E invece non solo era reale, ma questo signore, che a questo punto ci costringe a chiederci in forza di quale merito culturale sia giunto alla guida di un ateneo italiano, aveva già avviato una serie di corsi accelerati di inglese per i docenti, con tanto di valutazione in itinere!
Non si tratta solo della obbligatoria e costituzionale difesa e tutela della lingua nazionale che il suddetto ha bellamente ignorato. Faccenda già grave! Quel che è più vergognoso, dal punto di vista culturale, sta nel ridurre l'insegnamento universitario ad una mera trasmissione di nozioni, nozioni che, semplificate nella forma della comunicazione in una lingua che non sia la propria, potrebbero ancora vagamente ( ma non è detto, in proposito dovrebbero esprimersi i diretti interessati) essere accettabili per materie tecniche come la matematica, la fisica, l'ingegneria.
Mentre il mero insegnamento nozionistico a livello universitario è improponibile per tutte le discipline umanistiche.
La letteratura italiana, la storia dell'arte, la Storia, la filosofia, ma anche la giurisprudenza necessitano di una comunicazione che sappia trasmettere non tanto la mera nozione (Leopardi è nato a Recanati si può anche dire in inglese), ma un pensiero complesso in forma non banale e neppure incomprensibile, che risulta da una lunga e approfondita frequentazione della lingua nella quale un professore si è formato è ha lavorato.
Non si può improvvisare in una lingua che non sia la propria, per quanto ben padroneggiata, l'esposizione e l'approfondimento del concetto di "persuasione e rettorica" di Michelstaedter.

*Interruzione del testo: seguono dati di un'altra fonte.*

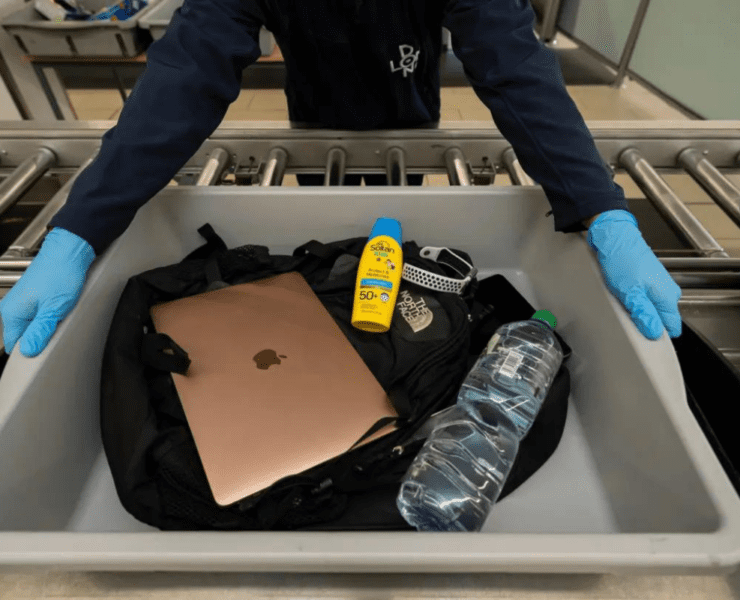 a person holding a tray with a laptop and a bottle of sunblock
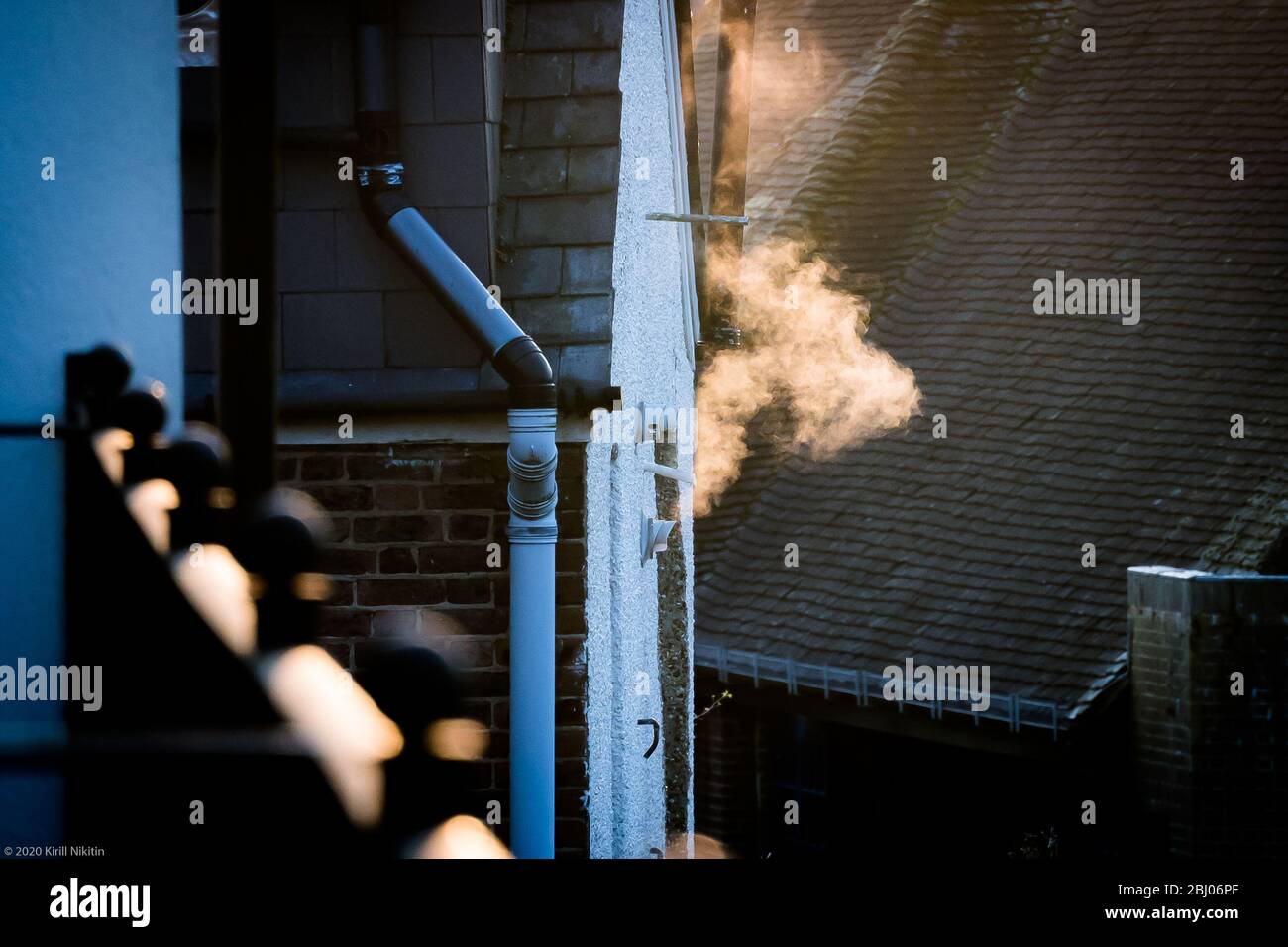 Regno Unito - il vapore esce dal tubo di ventilazione della caldaia di riscaldamento centrale in una vecchia casa in Inghilterra in una giornata fredda Foto Stock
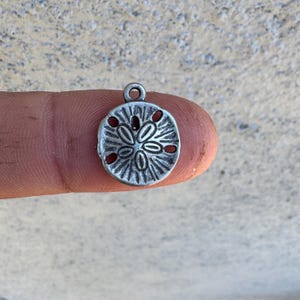 Sand Dollar Charm. Sterling Silver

Nello stesso modo l'esimio rettore, che ignora evidentemente tutta la poesia italiana e non solo, dovrebbe illustrarci come si possa spiegare il Paradiso dantesco in inglese, o come si dovrebbe parlare della sinestesia, dell'onomatopea, o del fonosimbolismo pascoliano .
Per non dire della storia dell'arte il cui lessico ha origini italiane, così un professore italiano dovrebbe fare come in certi ridicoli documentari di History Channel trasmessi in Italia, dove a proposito di vicende italiane viene intervistato un esperto italiano, sulla sua voce viene mandata, nell'originale americano, la traduzione in inglese, e quando viene trasmesso da noi, invece di far ascoltare l'audio originale in italiano, si procede ad una ulteriore traduzione della traduzione con un effetto surreale e patetico.
Ecco, i professori di storia dell'arte dovrebbe fare così secondo l'esimio rettore.
Per una volta viva il TAR , viva la magistratura amministrativa che ha impedito uno sconcio insopportabile in un'Italia già vergognosamente inginocchiata di fronte alla cultura anglosassone, in un'Italia provinciale e patetica che sembra vergognarsi della propria grandezza culturale, della propria storia.
Un'Italia che non sa sfruttare il proprio patrimonio artistico e lo lascia andare in rovina, come lascia che nei nostri atenei si riducano le ore di letteratura italiana a favore dell'insegnamento della lingua italiana ignorando (ma chi solitamente dirige ignora le basi della conoscenza) che la lingua si apprende leggendo, leggendo, leggendo.
Leggendo i grandi classici, o i nuovi narratori, si assimila il lessico, ci si impadronisce del valore semantico delle parole, si impara ad usarle nei giusti contesti, non basta far ricorso ad un apprendimento nozionistico come quello peraltro importante ma non esclusivo, della tecnica linguistica, occorre leggere, imparare a analizzare un testo.
Nessuno darebbe la patente per la guida di un'automobile a chi avesse fatto solo lezioni teoriche, anche se dimostrasse di avere bene in mente tutte le nozioni possibili e immaginabili su come usare freno frizione e cambio, sulla guida nel traffico, e sulla tecnica del parcheggio.
Si impara a guidare con l'esperienza di guida, e perché questo non deve valere anche per la lingua italiana?
Perché dovremmo laureare, per esempio, interpreti e traduttori che non sanno padroneggiare la lingua italiana (nella quale. Dalla quale dovrebbero tradurre) avendola poco frequentata nel loro corso di studio?
Già ma questa è l'Italia, dove rettori, dall'atteggiamento più provinciale di una beghina di paese, vogliono anglicizzare i nostri atenei e dagli studenti si pretendono competenze che non potranno mai avere se i corsi di studio non saranno adeguati.